FWIW, 10 m/s^2 is about one 'g'. So, if we load a tire that has this kind of friction coefficient with 1000 kg, we get a friction coefficient of:

mu = 8 m/s^2

If we lighten the car and make the tire bear just 500 kg,

mu = 9 m/s^2

Since A=mu, this means the car will stop a little more than 10% faster when the weight is cut in half.

There is more to this though.

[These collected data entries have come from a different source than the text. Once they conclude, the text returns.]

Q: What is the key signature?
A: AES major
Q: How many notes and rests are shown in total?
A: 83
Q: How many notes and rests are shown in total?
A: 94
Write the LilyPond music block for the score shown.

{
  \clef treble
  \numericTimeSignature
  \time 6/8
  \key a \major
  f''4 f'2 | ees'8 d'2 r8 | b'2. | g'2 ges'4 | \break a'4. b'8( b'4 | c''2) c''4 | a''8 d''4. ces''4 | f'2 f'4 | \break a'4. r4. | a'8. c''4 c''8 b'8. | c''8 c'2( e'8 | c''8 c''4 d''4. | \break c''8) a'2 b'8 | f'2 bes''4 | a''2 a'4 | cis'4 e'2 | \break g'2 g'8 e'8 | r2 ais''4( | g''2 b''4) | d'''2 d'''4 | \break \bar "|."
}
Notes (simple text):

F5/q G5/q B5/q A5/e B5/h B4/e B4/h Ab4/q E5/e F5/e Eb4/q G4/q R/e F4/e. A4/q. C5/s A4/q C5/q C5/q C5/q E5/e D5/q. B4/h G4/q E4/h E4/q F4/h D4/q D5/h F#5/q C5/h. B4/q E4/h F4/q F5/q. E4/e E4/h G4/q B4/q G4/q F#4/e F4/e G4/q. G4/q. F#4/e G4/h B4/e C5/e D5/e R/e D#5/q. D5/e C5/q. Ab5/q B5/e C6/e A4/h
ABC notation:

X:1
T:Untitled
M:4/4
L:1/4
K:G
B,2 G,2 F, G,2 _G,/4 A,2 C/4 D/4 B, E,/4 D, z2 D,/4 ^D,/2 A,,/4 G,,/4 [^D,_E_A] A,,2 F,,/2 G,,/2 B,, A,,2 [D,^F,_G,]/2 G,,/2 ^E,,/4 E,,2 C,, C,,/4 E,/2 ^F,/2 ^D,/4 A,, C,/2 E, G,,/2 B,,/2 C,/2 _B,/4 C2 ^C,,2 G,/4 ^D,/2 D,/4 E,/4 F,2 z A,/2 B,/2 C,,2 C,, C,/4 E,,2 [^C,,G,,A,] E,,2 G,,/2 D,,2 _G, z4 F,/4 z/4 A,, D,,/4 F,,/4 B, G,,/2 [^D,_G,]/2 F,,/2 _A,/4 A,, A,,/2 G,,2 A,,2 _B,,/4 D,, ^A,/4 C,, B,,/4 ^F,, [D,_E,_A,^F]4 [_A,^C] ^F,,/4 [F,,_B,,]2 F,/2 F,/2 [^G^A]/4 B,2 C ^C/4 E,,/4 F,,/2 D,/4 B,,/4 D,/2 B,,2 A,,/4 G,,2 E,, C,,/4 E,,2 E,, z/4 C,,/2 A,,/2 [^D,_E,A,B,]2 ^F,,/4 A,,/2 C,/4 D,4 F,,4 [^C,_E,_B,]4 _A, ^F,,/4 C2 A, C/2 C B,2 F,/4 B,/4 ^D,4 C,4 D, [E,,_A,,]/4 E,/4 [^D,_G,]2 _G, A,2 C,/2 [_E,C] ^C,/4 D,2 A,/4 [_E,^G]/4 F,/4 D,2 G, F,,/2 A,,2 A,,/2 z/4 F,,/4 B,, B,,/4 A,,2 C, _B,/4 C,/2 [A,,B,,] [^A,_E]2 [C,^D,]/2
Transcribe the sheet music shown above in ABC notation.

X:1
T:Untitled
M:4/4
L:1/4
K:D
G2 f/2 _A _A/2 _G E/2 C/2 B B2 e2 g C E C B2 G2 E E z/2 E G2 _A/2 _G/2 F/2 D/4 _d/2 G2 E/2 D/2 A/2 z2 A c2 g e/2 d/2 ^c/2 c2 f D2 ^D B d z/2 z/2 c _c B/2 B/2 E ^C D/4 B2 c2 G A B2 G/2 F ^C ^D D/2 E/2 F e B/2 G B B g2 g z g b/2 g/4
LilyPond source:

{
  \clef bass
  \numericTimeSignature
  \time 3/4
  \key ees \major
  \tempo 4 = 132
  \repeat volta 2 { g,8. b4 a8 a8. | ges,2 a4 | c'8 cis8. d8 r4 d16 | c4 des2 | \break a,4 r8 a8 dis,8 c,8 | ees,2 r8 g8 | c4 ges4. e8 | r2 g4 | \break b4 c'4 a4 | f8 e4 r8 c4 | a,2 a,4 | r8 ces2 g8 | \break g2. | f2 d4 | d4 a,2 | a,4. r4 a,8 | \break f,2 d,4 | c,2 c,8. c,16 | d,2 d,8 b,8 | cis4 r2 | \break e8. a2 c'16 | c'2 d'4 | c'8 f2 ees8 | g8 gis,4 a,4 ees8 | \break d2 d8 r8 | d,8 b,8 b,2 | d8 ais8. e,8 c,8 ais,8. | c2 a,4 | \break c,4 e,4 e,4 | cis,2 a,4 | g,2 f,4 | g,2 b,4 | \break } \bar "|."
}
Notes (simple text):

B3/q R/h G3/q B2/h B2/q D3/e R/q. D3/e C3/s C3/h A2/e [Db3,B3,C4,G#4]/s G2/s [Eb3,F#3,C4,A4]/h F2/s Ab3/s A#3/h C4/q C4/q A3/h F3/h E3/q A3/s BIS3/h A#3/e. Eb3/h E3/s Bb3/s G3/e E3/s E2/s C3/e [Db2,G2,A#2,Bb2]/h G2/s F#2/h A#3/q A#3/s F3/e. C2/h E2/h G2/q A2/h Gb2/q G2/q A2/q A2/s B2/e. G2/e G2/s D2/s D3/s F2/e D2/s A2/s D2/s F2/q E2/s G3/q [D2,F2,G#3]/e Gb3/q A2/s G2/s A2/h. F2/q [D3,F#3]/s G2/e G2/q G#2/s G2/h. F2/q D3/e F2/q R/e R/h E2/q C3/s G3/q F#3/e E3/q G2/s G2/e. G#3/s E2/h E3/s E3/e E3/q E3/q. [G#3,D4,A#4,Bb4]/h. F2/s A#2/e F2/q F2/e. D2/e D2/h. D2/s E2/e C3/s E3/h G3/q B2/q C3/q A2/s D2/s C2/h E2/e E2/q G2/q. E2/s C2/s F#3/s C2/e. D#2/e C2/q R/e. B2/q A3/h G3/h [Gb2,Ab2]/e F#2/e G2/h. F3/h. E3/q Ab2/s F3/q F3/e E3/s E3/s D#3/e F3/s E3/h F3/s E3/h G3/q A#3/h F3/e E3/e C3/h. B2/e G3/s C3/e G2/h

The tire is in contact with the ground over an area. A given square centimeter of contact patch only supports a fraction of the car's weight. If you increase the size of the contact patch, you decrease the amount of weight that each square centimeter of contact patch has to support. Since mu increases when the amount of weight being supported decreases, you can expect that increasing the size of the contact patch will increase the amount of friction available to you.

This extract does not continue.